Francisco falava visivelmente emocionado, após ele e as quase duas centenas de líderes católicos terem escutado o testemunho de uma vítima de abuso sexual, cuja identidade não foi revelada apesar de o momento ter sido transmitido pela televisão do Vaticano, e que falou em espanhol. “Quando se experimenta o abuso, quer-se pôr fim a tudo. Mas não é possível”, disse o jovem. “Não há sonho sem memórias do que aconteceu, nenhum dia sem recordações.” De seguida, o jovem, que é músico, interpretou durante vários minutos uma peça em violino, na Sala Régia do Palácio Apostólico, perante toda a liderança da Igreja Católica.

Este sábado foi o último de três dias de conferências no encontro “Proteção dos Menores na Igreja”, que serviu para debater temas como a responsabilidade dos bispos na investigação e denúncia dos abusos, a prestação de contas perante as autoridades eclesiásticas e civis, e a transparência dos procedimentos.
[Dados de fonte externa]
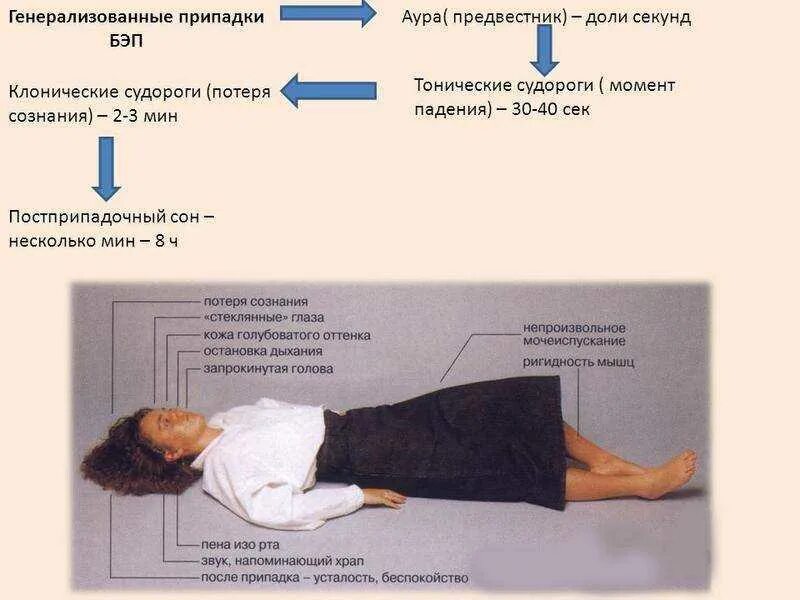 Эпилепсия у взрослого мужчины симптомы. Генерализованный судорожный припадок. Генерализованные припадки эпилепсии. Клонические приступы эпилепсии.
O encontro termina este domingo com a celebração de uma missa presidida pelo Papa Francisco, que no final irá proferir um discurso que será o documento conclusivo da cimeira.

Artigo corrigido às 21h50. Uma versão anterior deste artigo atribuída, erradamente, ao Papa Francisco as frases ditas pelo arcebispo Philip Naameh, que falou noutro momento da celebração.